[Source data]
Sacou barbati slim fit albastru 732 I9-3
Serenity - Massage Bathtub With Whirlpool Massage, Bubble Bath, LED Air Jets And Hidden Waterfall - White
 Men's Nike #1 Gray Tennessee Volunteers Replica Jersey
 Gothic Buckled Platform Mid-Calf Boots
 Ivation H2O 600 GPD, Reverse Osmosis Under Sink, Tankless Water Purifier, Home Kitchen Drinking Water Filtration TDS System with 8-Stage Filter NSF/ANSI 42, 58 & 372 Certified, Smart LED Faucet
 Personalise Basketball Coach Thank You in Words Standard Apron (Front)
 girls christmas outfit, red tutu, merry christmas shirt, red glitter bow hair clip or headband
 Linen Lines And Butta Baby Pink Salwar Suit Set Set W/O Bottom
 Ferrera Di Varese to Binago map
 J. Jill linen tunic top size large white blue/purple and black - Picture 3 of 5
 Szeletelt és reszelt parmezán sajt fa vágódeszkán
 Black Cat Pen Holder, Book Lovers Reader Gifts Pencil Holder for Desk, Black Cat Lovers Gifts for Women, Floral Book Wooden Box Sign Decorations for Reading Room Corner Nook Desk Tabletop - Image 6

__Exercise objective__
Each entry needs to be copied out exactly.

__Task answer__
Sacou barbati slim fit albastru 732 I9-3
Serenity - Massage Bathtub With Whirlpool Massage, Bubble Bath, LED Air Jets And Hidden Waterfall - White
 Men's Nike #1 Gray Tennessee Volunteers Replica Jersey
 Gothic Buckled Platform Mid-Calf Boots
 Ivation H2O 600 GPD, Reverse Osmosis Under Sink, Tankless Water Purifier, Home Kitchen Drinking Water Filtration TDS System with 8-Stage Filter NSF/ANSI 42, 58 & 372 Certified, Smart LED Faucet
 Personalise Basketball Coach Thank You in Words Standard Apron (Front)
 girls christmas outfit, red tutu, merry christmas shirt, red glitter bow hair clip or headband
 Linen Lines And Butta Baby Pink Salwar Suit Set Set W/O Bottom
 Ferrera Di Varese to Binago map
 J. Jill linen tunic top size large white blue/purple and black - Picture 3 of 5
 Szeletelt és reszelt parmezán sajt fa vágódeszkán
 Black Cat Pen Holder, Book Lovers Reader Gifts Pencil Holder for Desk, Black Cat Lovers Gifts for Women, Floral Book Wooden Box Sign Decorations for Reading Room Corner Nook Desk Tabletop - Image 6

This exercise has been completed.